A New Diabetes Treatment?

As with many other chronic conditions, medical researchers have yet to identify a cure for diabetes. In present times, those living with this disease often take insulin to manage their recurring symptoms. But suppose a new approach for curbing the effects of diabetes could be in the making?

The Power of Protein

According to researchers from Weill Cornell Medicine and NewYork-Presbyterian Hospital, a protein called adipsin could lead to a new type of diabetes treatment. This protein is produced in body fat, and acts as a sort of shield for pancreatic beta cells, which are tasked with releasing insulin into the body’s bloodstream. 

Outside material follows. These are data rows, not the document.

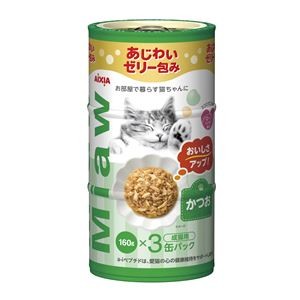 （まとめ） MiawMiaw 3P かつお 480g（160g×3缶） （ペットフード・猫用） 【×5セット】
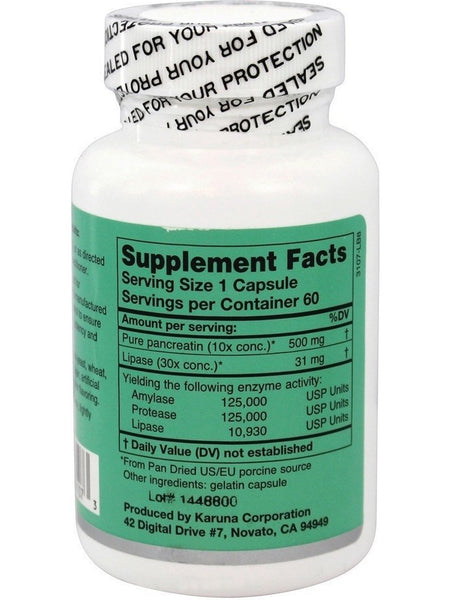 Karuna, PancreMax, 60 Capsules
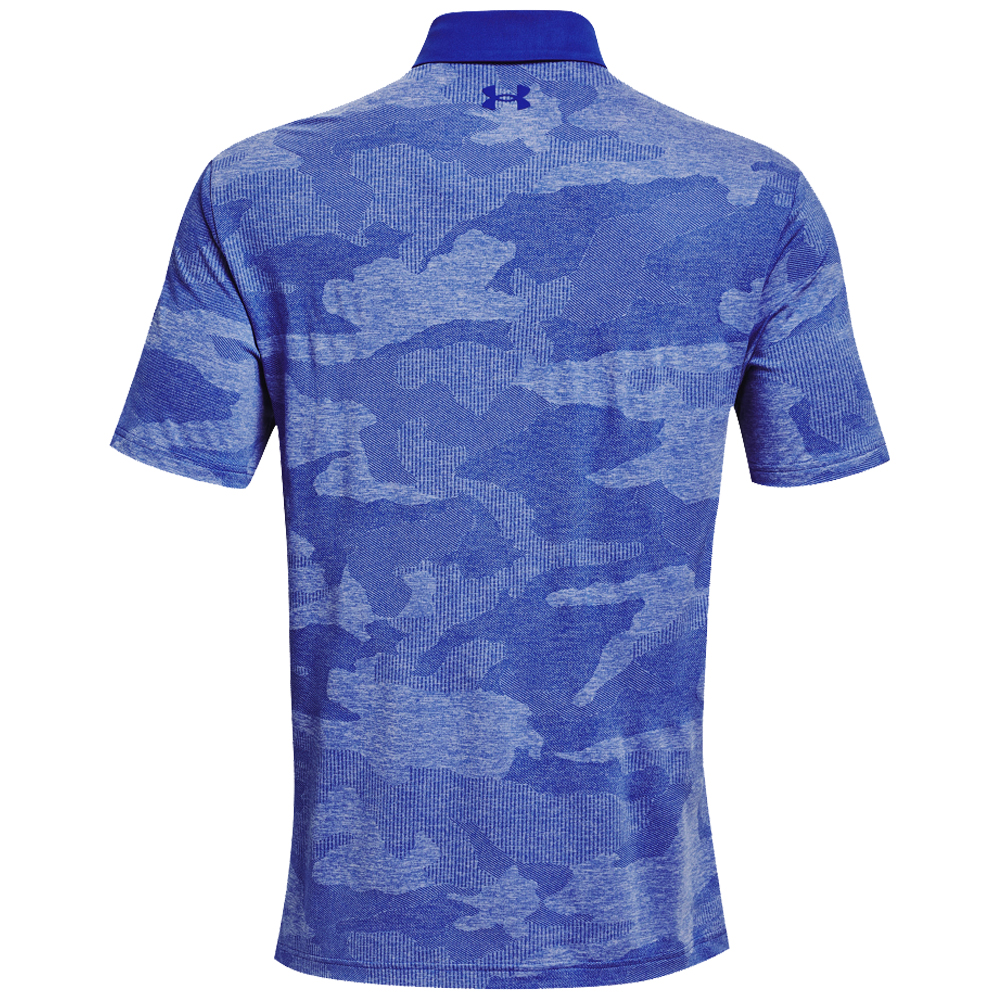 Under Armour Mens UA Playoff 2.0 Camo Jacquard Golf Polo Shirt  - Versa Blue/Oxford Blue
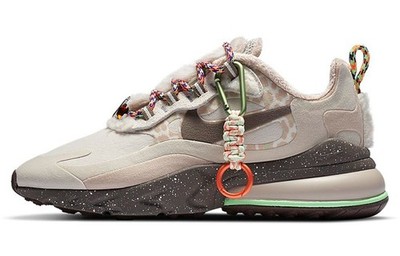 Nike Air Max 270 React Light Wood Brown Women's - DC3277-181 Size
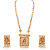 Sukkhi Glimmery Pearl Gold Plated Goddess Temple Jewellery Long Haram Necklace Set for Women
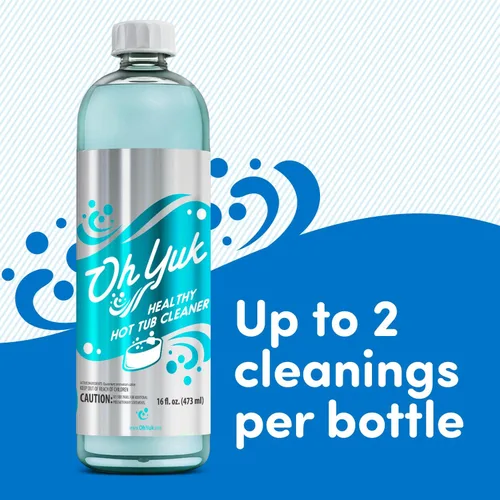 Vista 2 de Oh Yuk Hot Tub Cleaner (2 Pack) – Hot Tub Jet Cleaner for Pipes & Jets Spa Jet Cleaner for Plumbing lins Deep Clean Spa Pipe Flush Cleaner for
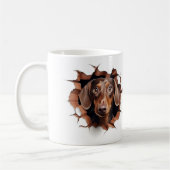 Dachshund kaffeetasse (Links)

Typically, the onset of type 2 diabetes throws a monkey wrench into the inner workings of these cells, causing them to eventually shut down completely. The overwhelming majority of the 30 million diabetics in the United States (95%) have the type 2 form of this disease.

Of Mice and Men

Prior to the study, the researchers knew that adipsin acted as a sort of stimulant for beta cells, prompting them to pump out insulin. Given this fact, the team sought to use it as a sort of experimental treatment, choosing a group of laboratory mice as their test subjects. The result? The rodents benefited significantly from the adipsin, exhibiting lower blood sugar readings as their insulin levels recovered. Moreover, their pancreatic beta cells proved to be more resistant to damage. 

Encouraged by this result, the study authors then turned their focus toward humans, or at least human cells. And as with the mice, these cells had a noticeable reaction to adipsin protein, responding by activating a specific molecule known as C3a. Not only did the human cells’ functionality and defenses improve, but the presence of C3a also attacked harmful enzymes called Dups26. The team noted that, in both human cells and in mice, curtailing the activity of Dups26 had a positive effect on beta cells. 

Senior study author Dr. Nicolás Gómez-Banoy was fairly optimistic in light of his team’s work, expressing hope “that both adipsin or DUSP26-directed therapies may prevent type 2 diabetes patients from developing beta cell failure and from requiring insulin injections for their treatment.” However, such a breakthrough will require additional research.